[Technology Report]
Parallel Programming Is Here To Stay
One size does not fit all, and it never will. Parallel programming looks to level the playing field by leveraging multicore hardware.
It was easy to program applications in the days when one chip, one core were common. Single-chip solutions remain the target of many systems, especially for mobile applications. But these days, they’re likely to include more than one processing core. Programming these platforms can be a challenge.
High-end server platforms like Intel’s six-core Xeon 7460 use lots of transistors for very large, complex architectures. Systems with even more cores on a single chip are readily available as well. Chips like the 40-core Intellasys SEAforth 40C18, the 64-core Tilera TilePro64, and the 336-core Ambric AM2045 are just the beginning (see “Are You Migrating To Massive Multicore Yet?”).

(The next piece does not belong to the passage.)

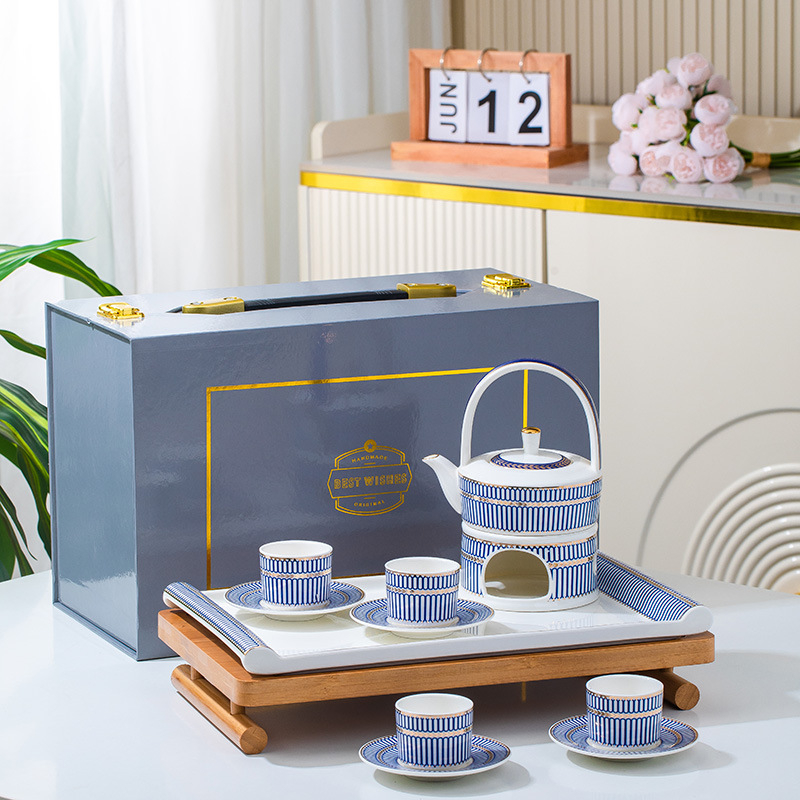 Set de cești de cafea cu dungi roșii, ceramică în stil nordic, într-o cutie cadou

Many PCs already include high-count multicore chips in the form of graphic processing units (GPUs). They’re now being made accessible for general computing and formalized with platforms like Nvidia’s 240-core Tesla C1060 (see “SIMT Architecture Delivers Double-Precision TeraFLOPS”).
Multicore solutions are on the rise because it’s becoming harder to scale single-core processors while trying to maintain the heat and power envelope necessary to make systems practical. Multicore is no longer a scaling issue, but rather a requirement to meet growing performance requirements.
Clock speed and core count don’t tell the whole story, though. Core interconnects constitute the real programming challenge. Many multicore chips don’t employ the shared-memory approach found in symmetrical-multiprocessing (SMP) platforms like the Xeon, where multithreaded applications can typically exist without regard to the number of underlying cores.
Non-uniform memory access (NUMA) architectures maintain the SMP approach. However, scaling to large numbers of cores can be difficult. For instance, the TilePro64 manages with 64 cores on-chip (Fig. 1).
Still, this is one reason why other approaches, such as mesh networks, are employed when cores start numbering into the hundreds or thousands. This allows designers to throw lots of hardware at a problem, though it requires a different approach to programming.
DISTRIBUTED COMPUTING FRAMEWORKS The OpenMP portable, scalable framework supports multiplatform, shared-memory parallel programming and targets SMP systems. It also supports C/C++ and Fortran and runs on popular platforms such as Linux and Windows. OpenMP is a thread-oriented approach that maps well to existing hardware architectures. Its core elements include thread management, synchronization, and parallel control structures.
The message-passing interface (MPI) standard, maintained at Argonne National Laboratory, can operate on SMP hardware and also span various networks. Several operating systems are based on message-passing communication.
OpenMPI is an open-source implementation of the MPI-2 standard. It can operate over a range of communication systems such as TCP/IP, Myrinet, and most communication fabrics found on multicore processors. OpenMPI also can be mixed with OpenMP.
Intel’s Thread Building Blocks (TBB) are another SMP-oriented framework compatible with OpenMP (see “Multiple Threads Make Chunk Change”). TBB is available as an open-source project as well. Like its name says, TBB is threadoriented, but it tends to utilize one thread per core. Each worker thread gets its work from a job queue. The application feeds the job queues.
TBB extends C and C++ using a limited number of keywords to designate blocks of code that can be performed in parallel. The same is true for data definitions that the parallel code will be working with. These blocks are typically arrays. The data and the processing jobs can be spread across the collection of cores via the worker threads. The queues may fill, but the idea is to keep the cores working instead of idle.
Built around TBB, Intel’s Parallel Studio includes Parallel Advisor (design), Composer (coding), Inspector (debug), and Amplifier (tuning). Parallel Advisor is a static analysis tool designed to identify sections of code in which TBB support will make a difference. It can also identify conflicts and suggest resolutions of these issues. This tool is especially useful for designers who are new to TBB.
Parallel Composer now brings TBB integration to platforms like Microsoft’s Visual Studio. It handles new lambda function support and is compatible with OpenMP 3.0. Parallel debugging support is also part of the package. Its “parallel Lint” capability helps identify coding errors.
Parallel Inspector is a proactive bug finder designed to augment the typical program debugger. It identifies the root cause of defects such as data race conditions and deadlock. The tool can also be used to monitor system behavior and integrity. The system is based on Intel’s Thread Checker tool.